L’avantage de végétaliser les villes est que l’eau monte par les racines et, arrivée dans les feuilles, elle va s’évaporer. Cela fait baisser la température ambiante. Donc, en plus de l’ombre et l’absorption de CO2, l’arbre est une sorte de climatiseur naturel.
Le problème du réchauffement climatique est bien réel. Des solutions existent, mais elles sont chères. Comme le coût de l’inaction est plus élevée que le coût de l’action, nous devons tous consentir des sacrifices pour faire baisser la température à la surface du globe.
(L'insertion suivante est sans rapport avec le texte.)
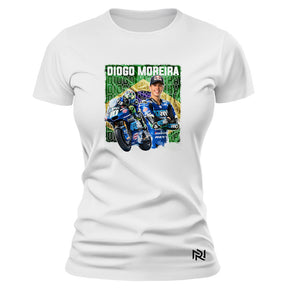 Camiseta Feminina Baby Look Diogo Moreira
Cependant, la climatologue Françoise Vimeux déplore une inégalité dans l’adaptation au changement climatique. Les pays riches ont la capacité financière et technologique pour proposer des techniques permettant d’absorber le CO2 émis dans l’atmosphère. Les pays en développement comme Haïti n’ont pas de capacité financière pour accéder à cette adaptation. Il y a même une inégalité au niveau des connaissances sur les changements climatiques. On ne peut ni lutter contre ni s’adapter à quelque chose qu’on ne connaît pas bien.
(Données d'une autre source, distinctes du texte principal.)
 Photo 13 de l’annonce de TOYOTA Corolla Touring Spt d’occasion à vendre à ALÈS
En assistant aux débats qui se font dans l’international sur la transition écologique, je ne peux m’empêcher de me demander où se place Haïti dans tout cela. Pour se développer, les pays développés ont causé beaucoup de tort à la nature. Aujourd’hui, face au réchauffement climatique, ils ne voient qu’un retour à la nature. Haïti, elle, n’a jamais été développée. Elle a raté les révolutions agricole, industrielle et de l’information. L’on pourrait croire que ce pays est écologiquement protégé, qu’il n’y aurait pas lieu de parler de transition écologique. Pourtant, c’est l’un des pays faisant face aux plus graves problèmes environnementaux au monde. Pays en développement et non écologique, le cas d’Haïti entre difficilement dans le concept de la transition écologique.
Par contre, le jour où l’on décidera de développer ce pays, il faudra le faire dans le respect de l’environnement, suivant un modèle de développement durable et sur la base de cet effort mondial visant la réduction des gaz à effet de serre.